This is owed to William Lisowski.

Code:

ssc install egenmore
egen Nactor = nvals(actor_id), by(gid year)
egen Nactor2 = nvals(actor_id2), by(gid year)
g Nall = Nactor+Nactor2

Comment

Diego Malo

Join Date: Jun 2019

Posts: 140
#20

08 Nov 2021, 08:06

Thank all of you for your comments and time.

However, I still find some problems in the codes you are providing. I am sorry but I do not really how to solve the problem.

Nick Cox Thank you for your code Nick. I have checked and I think your code is not counting well.For example, if actor X is in actor_id and actor_id2 in year 2008 and gid 3, it is counting two times but I want that this is counting just one. The distinct number of actors between actor_id and actor_id2 by gid and year. If one actor is in both in the same grid and year, I just want to count it once. Please, let me know if you do not see my point.

Clyde Schechter Thank you for your code Clyde.
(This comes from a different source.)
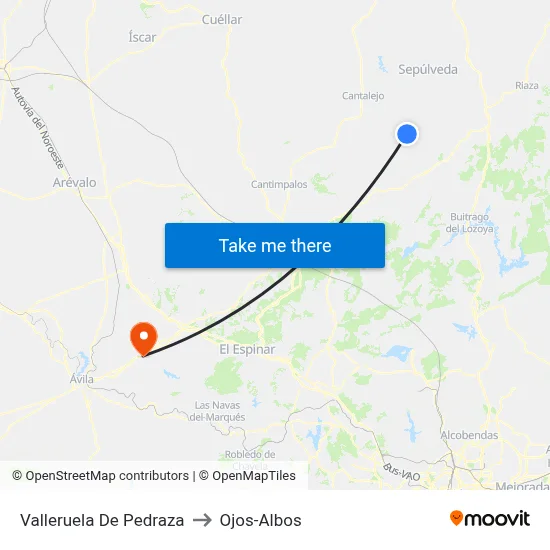 Valleruela De Pedraza to Ojos-Albos map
However, I see in your code the same problem than the one in Nick: "if actor X is in actor_id and actor_id2 in year 2008 and gid 3, it is counting two times but I want that this is counting just one. The distinct number of actors between actor_id and actor_id2 by gid and year. If one actor is in both in the same grid and year, I just want to count it once. ". Please let me know if you do not see my point.
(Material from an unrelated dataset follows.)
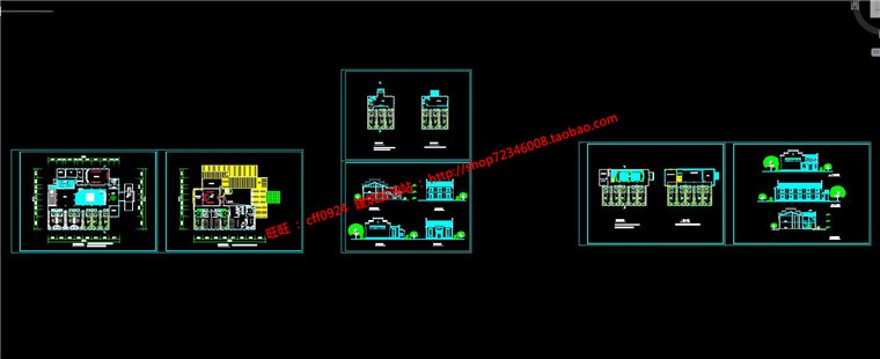 中式温泉度假酒店宾馆徽派设计cad图纸平立剖效果图文件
Fei Wang Fei, I have found an error in your code. It is counting very well the number of actors as I want but the number of actors is different. For example, the number of actors before doing your code for gid 80318 and year 2021 is different than the one after run your code. Your code is changing the number of actors by grid and year. I do not know if I explain well myself. Please let me know if you do not see my point.

George Ford Thank you George for your code. When I run it, it gives me the following error: "command unique is unrecognized"
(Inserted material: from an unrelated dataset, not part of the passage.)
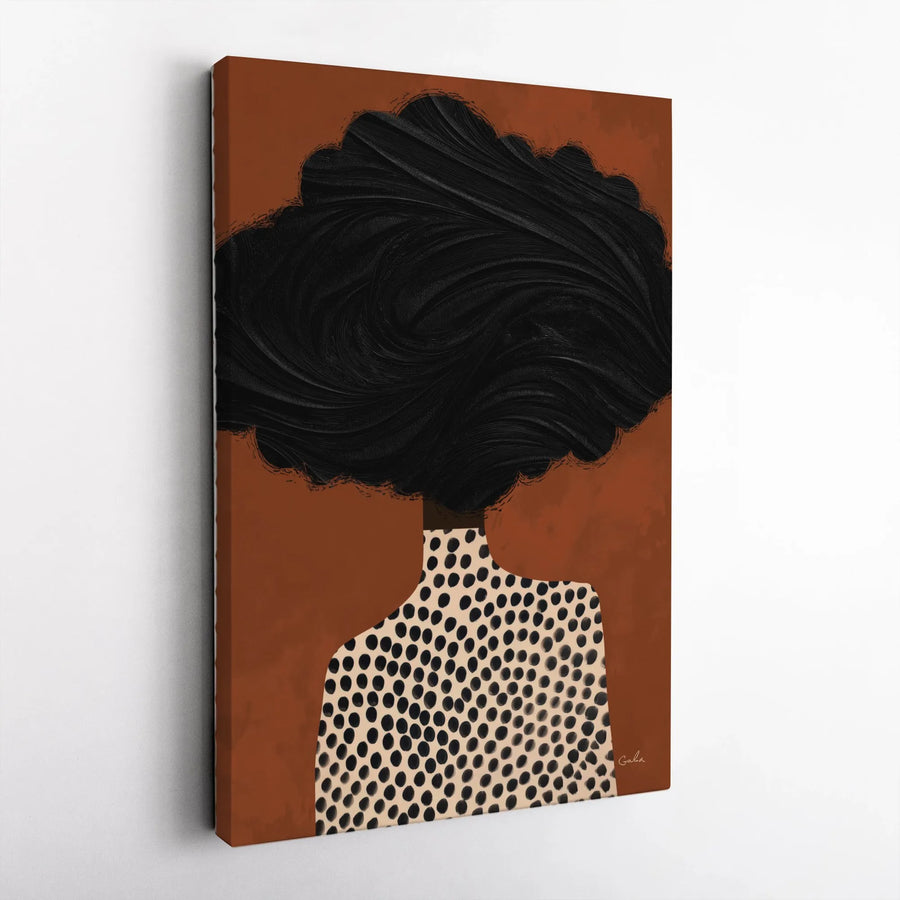 Abstract Black Woman Canvas | Minimalist Natural Hair Portrait | Premium Gallery Wrapped Canvas | Modern Living Room Decor Gift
Sorry but I am a bit desesperate with that problem.

Diego.

Last edited by Diego Malo; 08 Nov 2021, 08:09.
Comment
Fei Wang

Join Date: Oct 2021

Posts: 726
#21

08 Nov 2021, 08:38

Diego Malo , in your original example data, the number of different actors for gid 80318 and year 2012 is 6. After running the code, the counting result is also 6. So I didn't get your point that they are different.
1 like
Comment
Diego Malo

Join Date: Jun 2019

Posts: 140
#22

08 Nov 2021, 08:45

Thank you Fei Wang for your comment. It is true that the number of distinct actors is the same in both, but I think it is a bit by change.

Before running the reshape command I have the following number of actors in actor_id:

When I apply your code, I obtain the following (second picture). It is changing the actors, they sum 6 but they are not the same actors. Do you see it?
Comment
Fei Wang

Join Date: Oct 2021

Posts: 726
#23

08 Nov 2021, 08:58

Diego Malo , your original example data do not contain value labels, so I'm not able to judge on that. But we do have actor ids. Before running the code, the actor ids for gid 80318 and year 2012 are 21, 32, 393, 1911, 2515, 2082. After running the code, the actor ids within this group are still the six numbers, unchanged. As long as the relationship between values and value labels remains the same, there should be no such issues. Please check if the underlying values (not the name of actors) of actor id remain identical before and after running the code.
1 like
Comment

Nick Cox

Join Date: Mar 2014
Posts: 35698

#24

08 Nov 2021, 09:18

#20 says about my code.

Thank you for your code Nick. I have checked and I think your code is not counting well.For example, if actor X is in actor_id and actor_id2 in year 2008 and gid 3, it is counting two times but I want that this is counting just one. The distinct number of actors between actor_id and actor_id2 by gid and year. If one actor is in both in the same grid and year, I just want to count it once. Please, let me know if you do not see my point.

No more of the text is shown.